The difference between projections and results affected the credibility of polls, as well as that of coverage by newspapers, amply anchored in the surveys. Never have electoral polls been so prominent as they were this year.

Besides this, there were basically two more ingredients: back-and-forth accusations between candidates and complaints about corruption. The first is standard fare in all election campaigns, heating up the polarization, and by the insane microwaves of blogs and social networks.

In the second, the protagonists were federal prosecutors, and newspapers took on the role of publishing headlines almost always constructed from a thread in the news, from leaks done in dribs and drabs by people involved in the investigation.

The lead in stories carried a few drops of something new, and the rest was context and background of what had already been published.

With this discouraging backdrop, the misfortune helped the coverage, and the adversity that Marina Silva faced in the race guaranteed a roller coaster which increased work by polling institutes and helped newsrooms.

In 44 days, Folha credited eight headlines to the Datafolha polling institute and one to the Ibope institute, outside of smaller stories.

By the predominance and the influence of polls in the news - and voting - it was necessary for the newspaper to make a consistent evaluation of the differences between voting results and surveys, addressing the cases one by one trying to provide clear explanations to not allow a lack of confidence concerning manipulation.

That's not what happened. The story published on Tuesday (Oct. 7) sounded like a lecture by the government, with an anodyne headline ("Polling institutes suffer criticism") and subhead saying that the differences generated complaints about politicians.

It wasn't just them, the outcry was general. There weren't only complaints but lack of understanding and a desire to understand.

I observed the inconsistency in my internal critique, thinking that the newspaper should have sought other experts to get independent opinions. It should have deepened the discussion about the methodology adopted and its limits.

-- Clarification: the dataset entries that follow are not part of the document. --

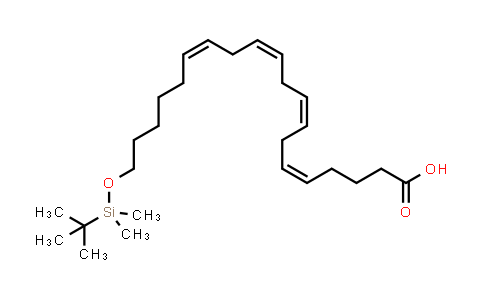 1117736-66-9 | 5,8,11,14-Eicosatetraenoic acid, 20-[[(1,1-dimethylethyl)dimethylsilyl]oxy]-, (5Z,8Z,11Z,14Z)-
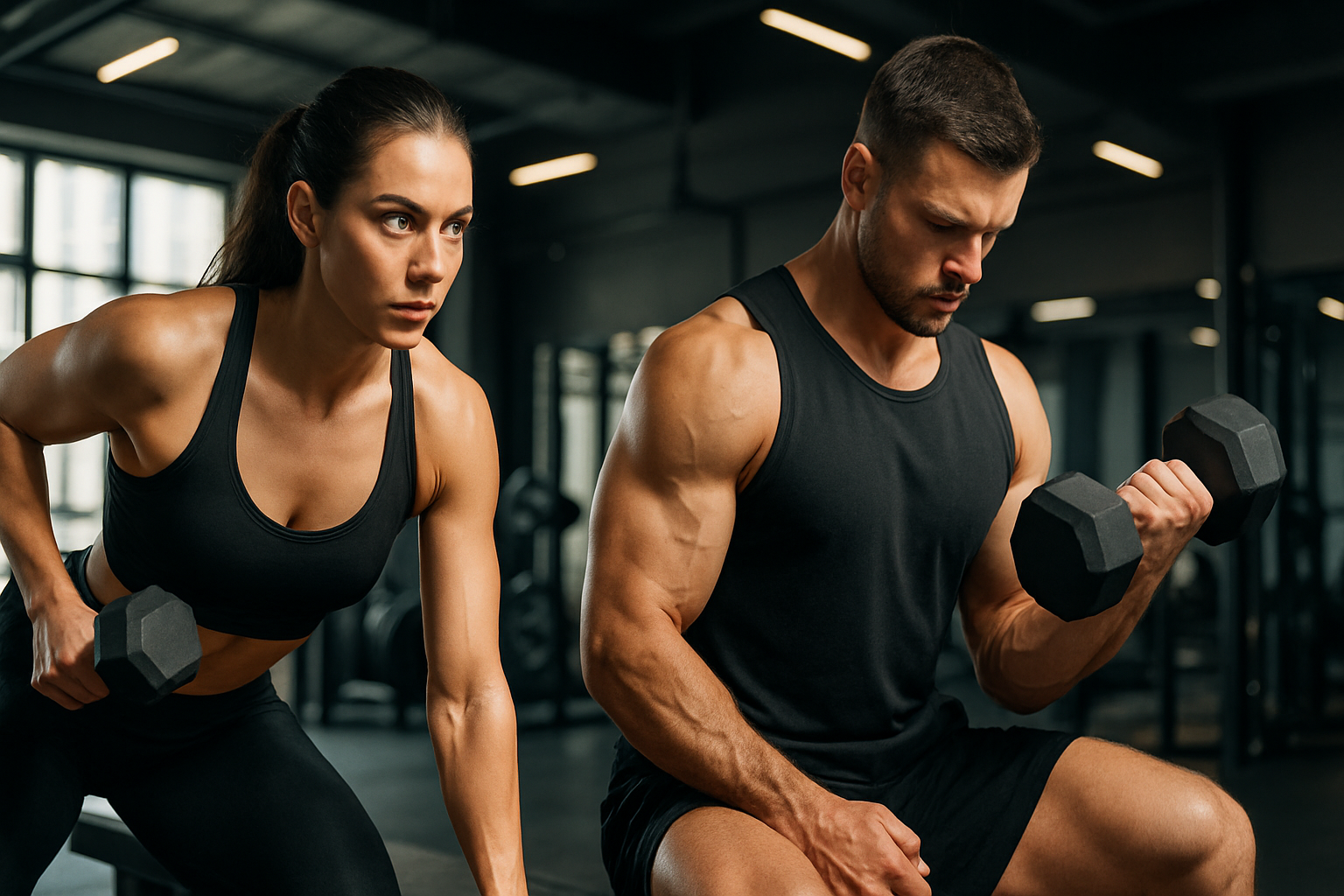 Mastering Your Gym Routine: Build Muscle and Sculpt Your Physique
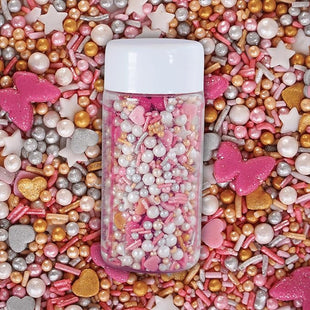 Valentine's Day Sprinkles for Decoration 01 | 120 Gm
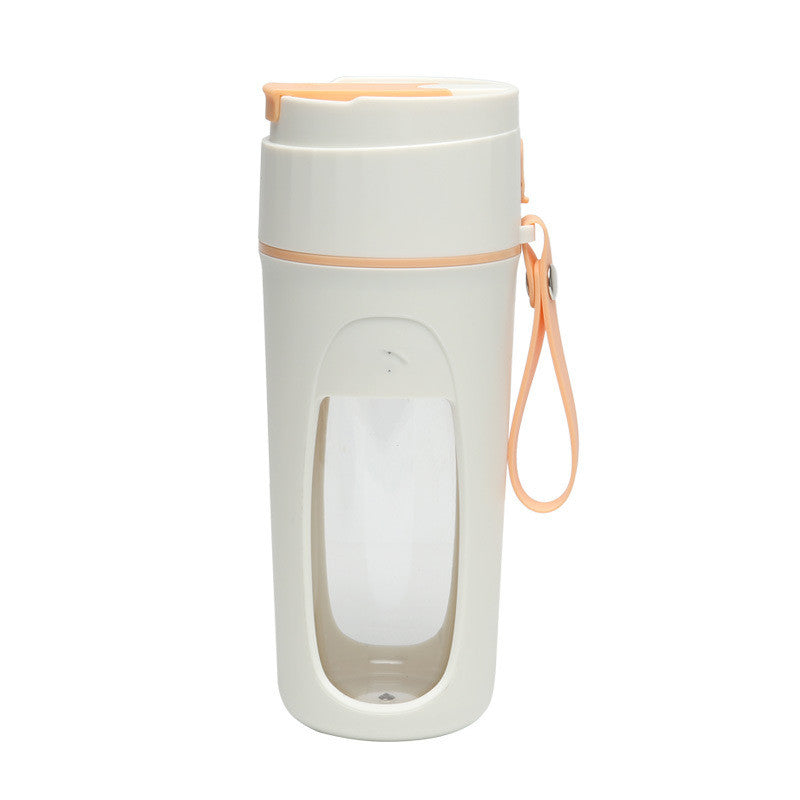 Portable USB Rechargeable Blender – Mini Smoothie Maker for Travel, Gym & Healthy Drinks On-the-Go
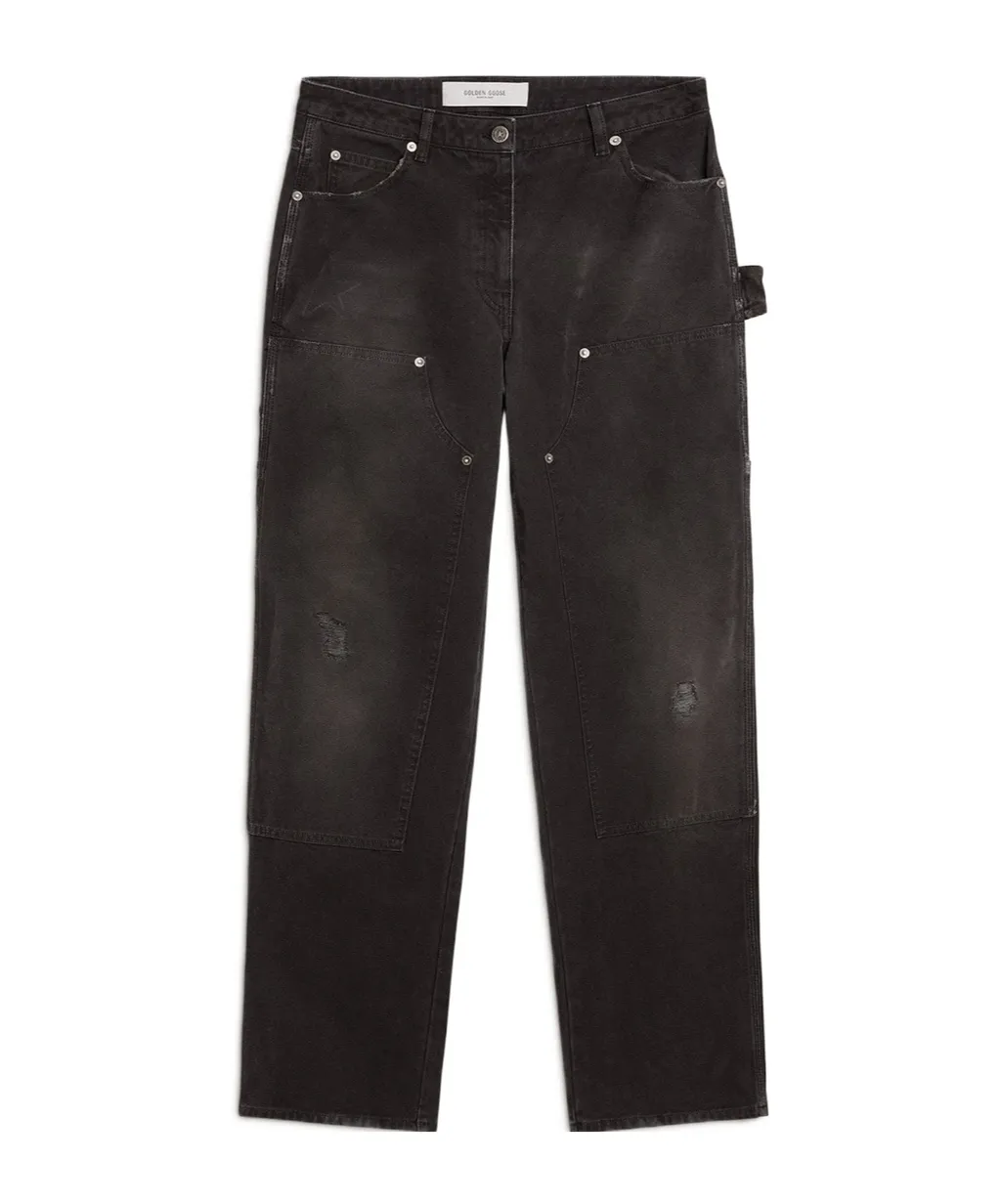 Marley Work Distressed Jeans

The managing editor's office believes that my critique is wrong because part of the presupposition that the results need to be the same as the polls and argued: "When the result from the ballot box is the same as the survey released on the eve of the election, it's not seen as something the institute got right. It's only an indication that nothing relevant to voters changed Saturday and Sunday, when people talk most about the election."

Well, the newspaper is used to celebrating when it gets the numbers right. It should stop doing that. Afterward, the problem is not the presupposition but rather the treatment given to data which should be extensively made relative.

I talked to Mauro Paulino and Márcia Cavallari, responsible for the two main polling institutes, who emphasized the conditions in the surveys. Paulino told me, for example, that two thirds of the interviews by Datafolha were carried out on Friday (3) and one third of them on Saturday (4) morning.

He said that there was a move to change the choice of candidates with the debate on the Globo TV network (in which Marina Silva did poorly) and intensified through the weekend by surveys on Saturday, which showed Aécio Neves of the Brazilian Social Democracy Party rising. The trend changed.

The explanation makes sense, but none of these reservations was contemplated in the story on Sunday nor in the explanations on Tuesday. On the day of the election, there was a long analysis by Datafolha, but these aspects were not mentioned.

There were other differences even more attention-grabbing than the presidential race, but it's not the role of the ombudsman to evaluate the performance of polling institutes. It's that of the newspaper, which gives these surveys top billing in the news.

The managing editor's office asserts that Folha's coverage is cautious and does not treat surveys as an attempt to predict the results in the voting booth. If this is the perception, it's good to flash a yellow light, because the Russians don't understand.